# Turkeys in American Fork Canyon



## 4pointmuley (Sep 18, 2007)

I live in Cedar Hills which is near the entrance of American Fork Canyon. I drew a Central tag and was looking for a close place to hunt. Has anyone seeing any birds in American Fork Canyon lately? I haven't had much time to get out and scout.
Thanks.


----------



## martymcfly73 (Sep 17, 2007)

Not in the areas you can access this time of year. Usually see them up high.


----------



## xxxxxxBirdDogger (Mar 7, 2008)

AF Canyon and just about every other major canyon in Utah has turkeys. I have seen them up AF numerous times.


----------



## johnnycake (Jul 19, 2011)

I normally see them on the alpine loop, typically above Sundance--just watch out for all the private land.


----------



## goforbroke (Jan 4, 2009)

Hiked 13 miles trying to find one last year. Never saw a bird.
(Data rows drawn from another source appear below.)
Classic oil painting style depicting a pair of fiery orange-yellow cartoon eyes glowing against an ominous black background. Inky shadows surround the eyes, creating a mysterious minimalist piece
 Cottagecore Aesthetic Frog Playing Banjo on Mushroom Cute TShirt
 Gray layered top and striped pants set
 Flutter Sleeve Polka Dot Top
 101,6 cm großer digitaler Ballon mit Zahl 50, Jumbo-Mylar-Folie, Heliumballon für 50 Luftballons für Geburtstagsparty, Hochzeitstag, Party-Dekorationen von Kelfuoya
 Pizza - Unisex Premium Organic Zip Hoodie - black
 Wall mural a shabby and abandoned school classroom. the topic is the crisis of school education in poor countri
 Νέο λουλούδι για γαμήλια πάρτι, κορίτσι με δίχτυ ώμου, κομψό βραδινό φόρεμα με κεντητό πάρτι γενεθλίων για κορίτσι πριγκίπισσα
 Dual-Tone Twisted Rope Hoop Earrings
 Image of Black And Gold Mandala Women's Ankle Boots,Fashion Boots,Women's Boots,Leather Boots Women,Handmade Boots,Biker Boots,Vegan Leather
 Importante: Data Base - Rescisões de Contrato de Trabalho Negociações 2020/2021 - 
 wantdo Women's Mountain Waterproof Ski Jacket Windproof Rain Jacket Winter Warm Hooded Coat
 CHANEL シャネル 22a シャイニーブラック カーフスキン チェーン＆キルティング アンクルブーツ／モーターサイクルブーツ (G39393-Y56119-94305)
A few weeks later saw some on the side of the road! . Guess that is why it's called hunting.


----------



## DallanC (Jan 13, 2009)

Timpanooke


-DallanC


----------



## 4pointmuley (Sep 18, 2007)

Ok thanks for the replies.


----------



## Moose Hollow (Apr 26, 2008)

The heber side around wastch state park and up too the top I,ve seen lots of turkey's


----------



## gdog (Sep 13, 2007)

Moose Hollow said:


> The heber side around wastch state park and up too the top I,ve seen lots of turkey's


Yup...just make sure you get their early to get a parking spot :shock: :mrgreen:


----------